Na semana passada, os meios de comunicação noticiaram a sentença de um caso de violência doméstica em Paredes, no qual o agressor, apanhado em flagrante pela GNR, acabou absolvido por ter sido considerado pela juíza que não houve “crueldade, insensibilidade e desprezo” nos actos do agressor. Não é que a agressão não tenha sido provada. Foi. Havia testemunhas. Mas, ainda assim, para a juíza daquele tribunal, tratou-se apenas de um “desabafo” de um homem que decidiu, carinhosamente, arrastar a mulher até ao carro pelo pescoço. Não foi a primeira vez que esta mulher teve de chamar a GNR para a ajudar, mas a juíza decidiu dar uma terceira oportunidade ao agressor. Pode ser que, à terceira, seja de vez.

Claro que a opinião pública não aprovou a decisão e os comentários multiplicaram-se nas redes sociais. Mas é a mesma opinião pública que critica Sofia Arruda por, na sua entrevista ao Alta Definição, não nomear o alegado agressor. E a mesma opinião pública que criticou Joana Emídio Marques quando nomeou o alegado agressor. A mesma opinião pública que se desdobra em comentários como “agora é que se vem queixar”, “devia ter ido à polícia”, entre outros em que o foco é sempre desvalorizar a acusação.

Sofia Arruda, munida de muita coragem, abriu as portas do que poderá ser o início do movimento #MeToo e disse o que toda a gente já sabia mas tinha medo de dizer: afinal o assédio no meio audiovisual também existe em Portugal, não é só nos Estados Unidos. Por ser um facto sabido e não discutido, só torna a situação mais grave, essa cumplicidade encoberta de quem fecha os olhos porque “é assim”, porque “elas também se aproveitam para subir na carreira”.

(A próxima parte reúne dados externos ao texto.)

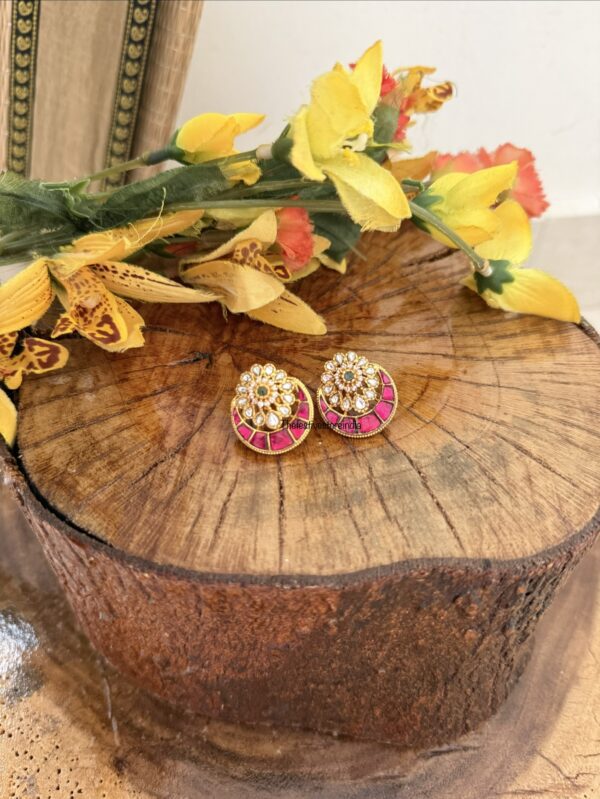 Jadau studs | Simple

A chuva de críticas, como sempre, não tardou. Afinal, ela nem disse quem a tinha assediado. Afinal, ela até tem uma carreira de sucesso. Afinal, não deve ter sido assim tão mau. Mas também outras vozes se levantaram em apoio e em partilha das suas próprias histórias: Catarina Furtado, Jessica Atahyde, Joana Solnado, Débora Monteiro e até alguns homens, seus colegas, mostraram o seu apoio.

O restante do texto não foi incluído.